По словам трагически погибшего дагестанского исследователя ислама Загира Арухова, в 1990-е гг. «ожидалось, что тотальность исламской системы регуляции, ограниченность ислама как социокультурной системы, гибкое взаимодействие с государственной властью — все это даст исламу важные преимущества в условиях социополитической перестройки общества». Однако превращение ислама в фактор стабилизации и объединения в том же Дагестане не произошло. Одни мусульмане стали не просто оппонентами, а открытыми врагами других. Ту же ситуацию мы видели в Чечне, в республиках западной части Кавказского региона. При этом нередко экстремистскими высказываниями грешили не только «ваххабиты», но и представители официальных духовных управлений мусульман. Однако помимо салафитского и суфийского ислама на том же Кавказе функционирует и так называемый «новый ислам», который нельзя отнести ни к «традиционному», ни к «ваххабитскому». Добавим также, что в республиках Северного Кавказа есть верующие мусульмане, которые выступают принципиально против клерикализации общества, за светскую модель развития.

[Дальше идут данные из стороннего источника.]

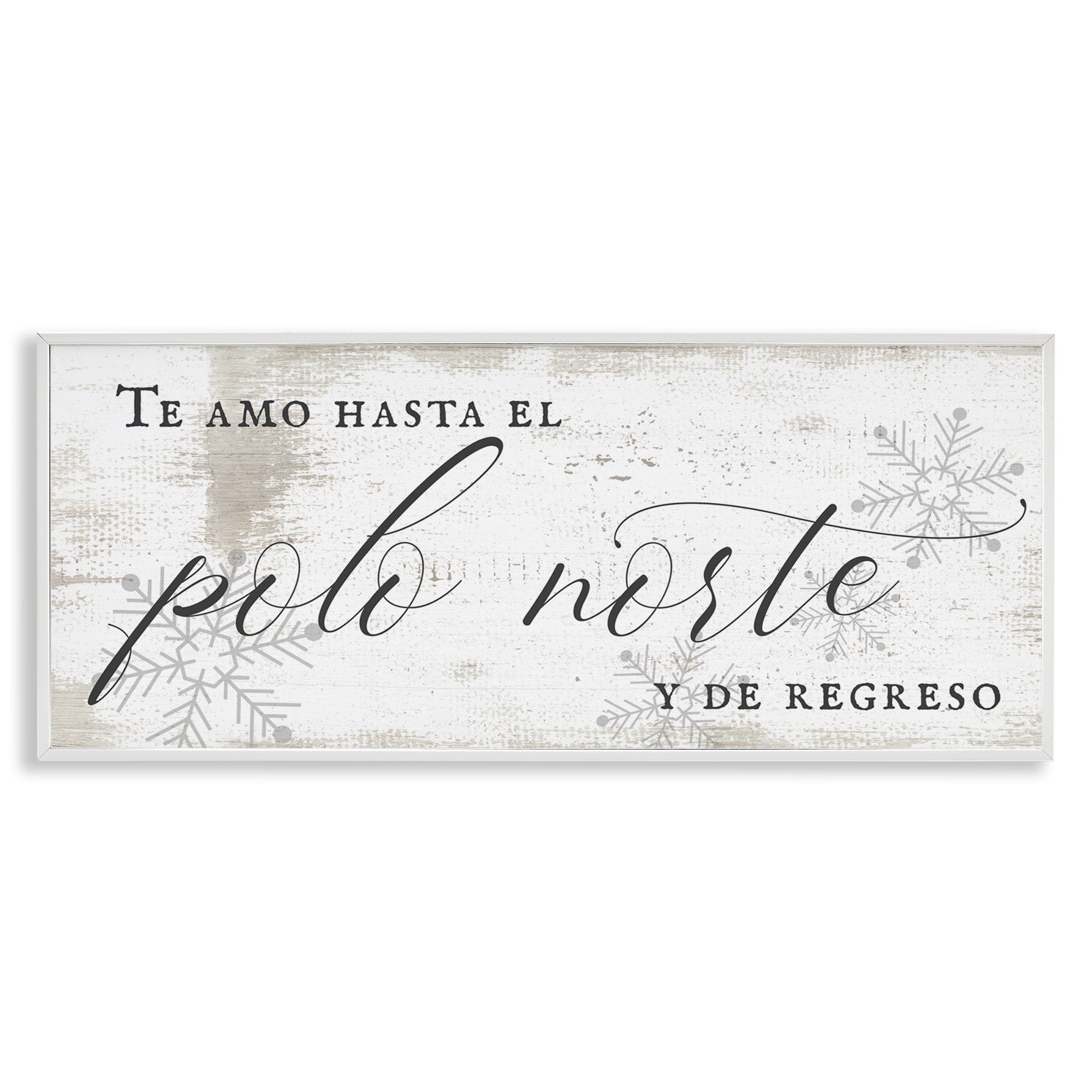Stupell Industries Te Amo Hasta el Polo Norte Holiday Painting White Framed Art Print Wall Art, 24 x 10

К сожалению, все эти детали и нюансы часто не интересны читающей и пишущей публике. Куда проще вспомнить про пресловутый «цивилизационный подход». Сегодня в России пресловутый «цивилизационный подход» грешит той же предопределенностью, что и марксизм в советской версии. Не случайна популярность этого подхода именно в стране некогда «победившего социализма». Если раньше вся история была объявлена историей «борьбы классов», то сегодня нам предлагается версия «борьбы цивилизаций», чье рождение запрограммировано природными явлениями (что бы ты ни сделал, природа постарается за тебя), а существование неизменно. При таком подходе исчезает и «цветущая сложность» каждой «цивилизации», и персональная ответственность за социально-политические и экономические решения. Фактически вся история предстает как игра «природных сил». Все детерминировано: если ты попал в «мусульмане», то для тебя заранее определено место и правила игры.

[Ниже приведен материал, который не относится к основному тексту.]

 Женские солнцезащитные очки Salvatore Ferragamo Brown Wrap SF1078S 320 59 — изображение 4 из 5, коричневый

Между тем, на Кавказе ли, в Москве ли помимо религиозного компонента существует целый ряд других не менее важных идентификационных оснований. Игнорировать их — значит, заведомо примитизировать анализ этнополитических и конфессиональных процессов региона. Здесь мы можем говорить и об этническом, и о партийно-политическом, и о региональном, и о социальном, и о хозяйственно-культурном, и о гендерном принципах. Которые могут в определенные моменты вытеснять религиозную идентичность.

Таким образом, общественные процессы в России не сводимы к универсальной схеме межцивилизационной борьбы (понимаемой как межконфессиональное противоборство). Исторически Россия была контактной территорией для различных этнических, религиозных, этноконфессиональных, этносоциальных групп, взаимодействие которых складывало в каждый период свою неповторимую мозаику. А потому следует признать, что лучшей защитой свободы совести в России будет не подмена государства религиозными судами для «своих», а укрепление общегражданских начал и институтов власти. Не личностей отдельных чиновников, а именно институтов. Задача светского государства заключается в гарантировании равных гражданских прав для всех, кто проживает на одной восьмой части суши. При всей сложности российского общества оно объединяется государственной территорией и гражданством, а не религией. Кто-то из верующих мусульман с восторгом прочтет сообщение об инициативах Хасавова, а кто-то с негодованием его отвергнет. Но и тот, и другой (вне зависимости от самоидентификации, отношения к той или иной версии ислама) должны иметь равные обязанности и права. Не как представители какой-то «общины», а как граждане России!